Your instructions:
Only the pictures should be left out; write out all other data exactly.

Given material:
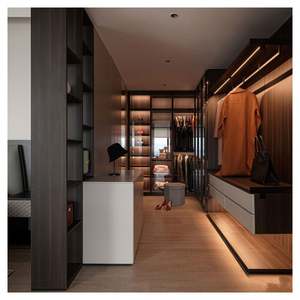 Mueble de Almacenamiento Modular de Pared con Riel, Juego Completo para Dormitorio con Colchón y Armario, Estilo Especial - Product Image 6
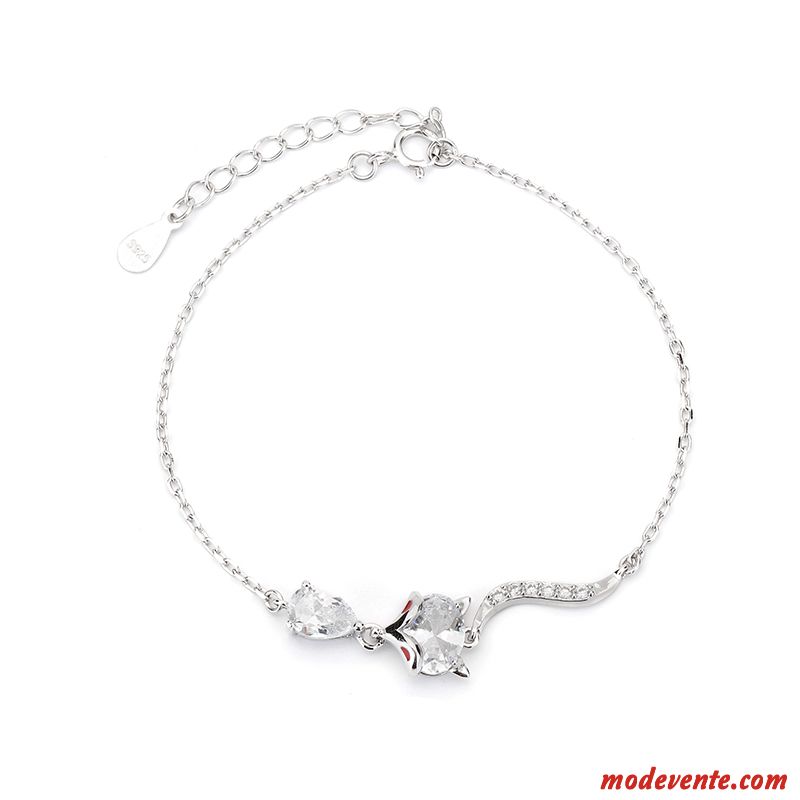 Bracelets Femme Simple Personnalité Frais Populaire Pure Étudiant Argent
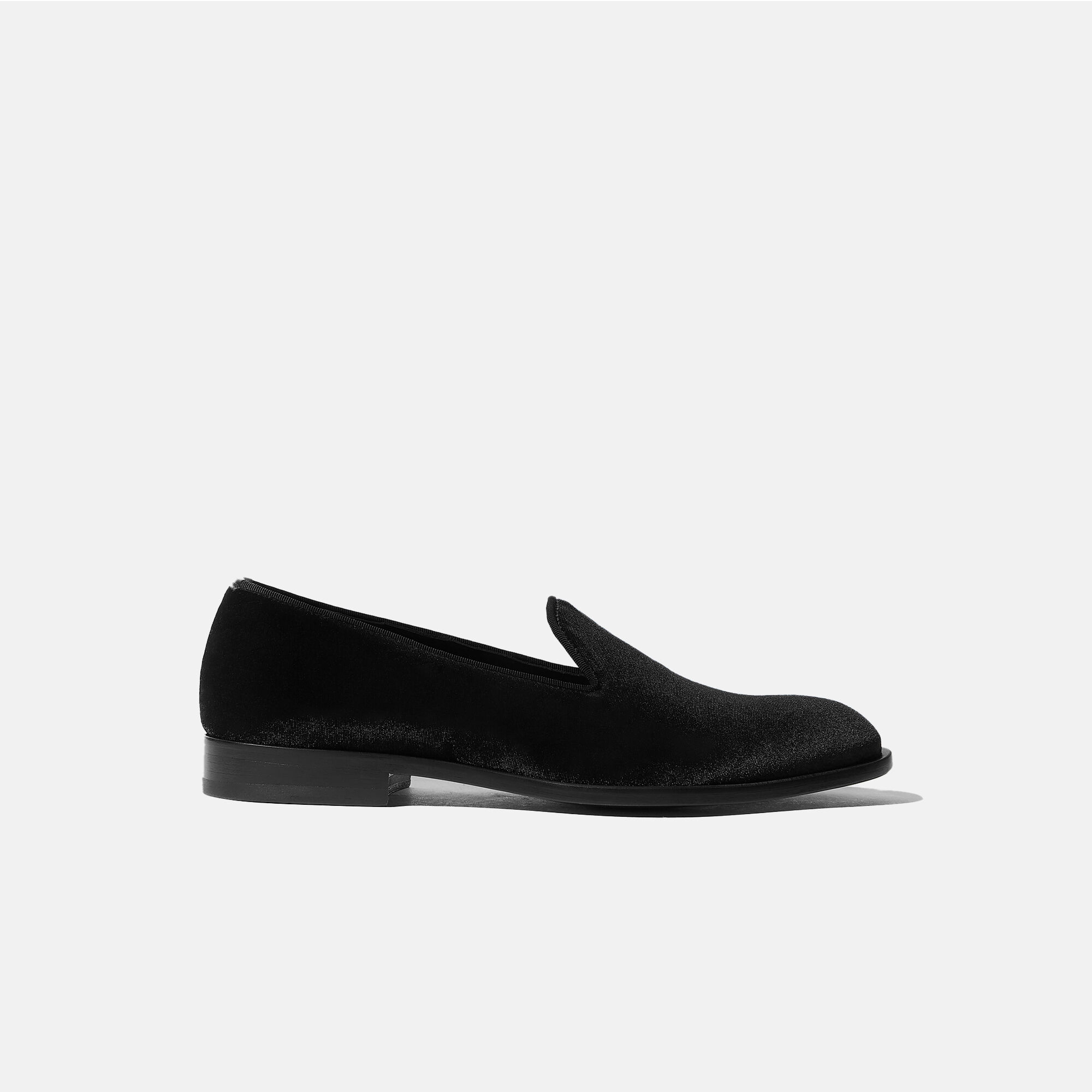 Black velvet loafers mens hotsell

Task response:
 Mueble de Almacenamiento Modular de Pared con Riel, Juego Completo para Dormitorio con Colchón y Armario, Estilo Especial - Product Image 6
 Bracelets Femme Simple Personnalité Frais Populaire Pure Étudiant Argent
 Black velvet loafers mens hotsell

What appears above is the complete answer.